Clearly, in terms of timing, the bit-level implementation using FAs is superior to the word-level implementation using CSAs. Conversely, in terms of layout efficiency for interconnects, the CSA implementation is superior to the FA implementation because the wires in the former are regularly grouped into buses. Note that in DSM technology, wires are equally or more important than logic components in layout since wire-related problems such as crosstalk, noise are much critical in system-on-chip (SoC) design. However, most of the previous works have focused on minimizing the circuit timing, and not much seriously taken into account the interconnect optimization for easy layout during the arithmetic circuit implementation.

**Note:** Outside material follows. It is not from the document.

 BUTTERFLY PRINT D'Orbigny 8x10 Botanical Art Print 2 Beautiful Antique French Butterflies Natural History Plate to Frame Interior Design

In this paper, we propose a layout-aware synthesis algorithm for arithmetic circuits utilizing carry-save-adders (CSAs), which not only optimizes the circuit timing but also generates a much reliable interconnect topology of the final circuit. Specifically, we propose a two-step algorithm: (*Phase 1*: CSA module generation) we propose an optimal-timing CSA module generation algorithm for an arithmetic expression under a general CSA timing model; (*Phase 2*: Bit-level interconnect refinements) we optimally refine the interconnects between the CSA modules while retaining the global CSA-tree structure obtained in Phase 1. From experiments, it is shown that the timing of the circuits produced by our approach is equal or almost close to that of the optimal bit-level implementation by the work in [12] in most testcases (even without including the interconnect delay), and at the same time, the interconnects in layout are significantly short and regular.

## 2. PRELIMINARIES

## 2.1 CSA Timing Model

Let D(x) denote the arrival time of x if x is a 1-bit signal, and  $D(X) = max\{D(x_1), D(x_2), \dots, D(x_n)\}$  if X is an n-bit vector signal  $(x_1, x_2, \dots, x_n)$ . Since n-bit CSA consists of n disjoint FAs, let us check the timing model of FA first.

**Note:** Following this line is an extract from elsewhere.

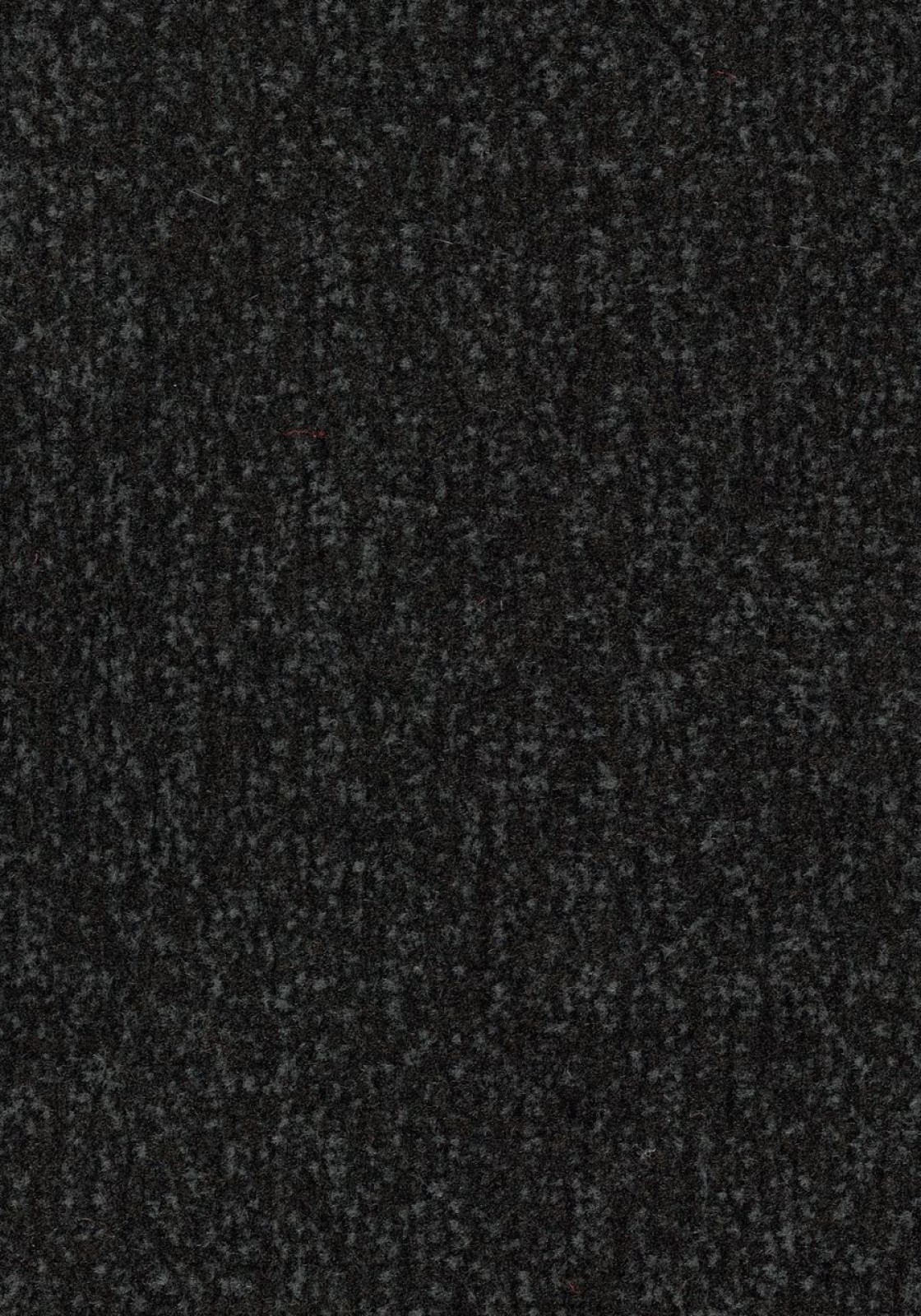 Vzor - 4730 raven black - LLT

Let p, q, r be the three input ports of an FA, and carry and sum be the carry and sum output ports of the FA, respectively. Let x, y and z ( $D(x) \le D(y) \le D(z)$ ) be the bit addends, each assigned to p, q, and r. Based on a typical logic implementation for FA (See Figure 2.), the time needed by an FA to generate its sum output from its inputs amounts to the 2-level XOR delay. Thus, we use two delay parameters  $D_{s1}$  and  $D_{s2}$  to model the delay to sum output where  $D_{s1}$  indicates the delay from q to sum port and  $D_{s2}$  the delay from r to sum port. Similarly, we use  $D_c$  (2-level NAND delay) to indicate the carry delay of an FA. We refer the FA timing model mentioned above to as the general timing model of FA. Consequently, the arrival times for *sum* and *carry* signals from inputs are calculated by  $D(sum) = max\{D(y) + D_{s1}, D(z) + D_{s2}\}$  and  $D(carry) = max\{D(y) + D_c + D_{s2}, D(z) + D_c\}$ . Note that the PPRT reduction algorithm in [12] used the general FA timing model and produces an optimal-timing FA-tree allocation.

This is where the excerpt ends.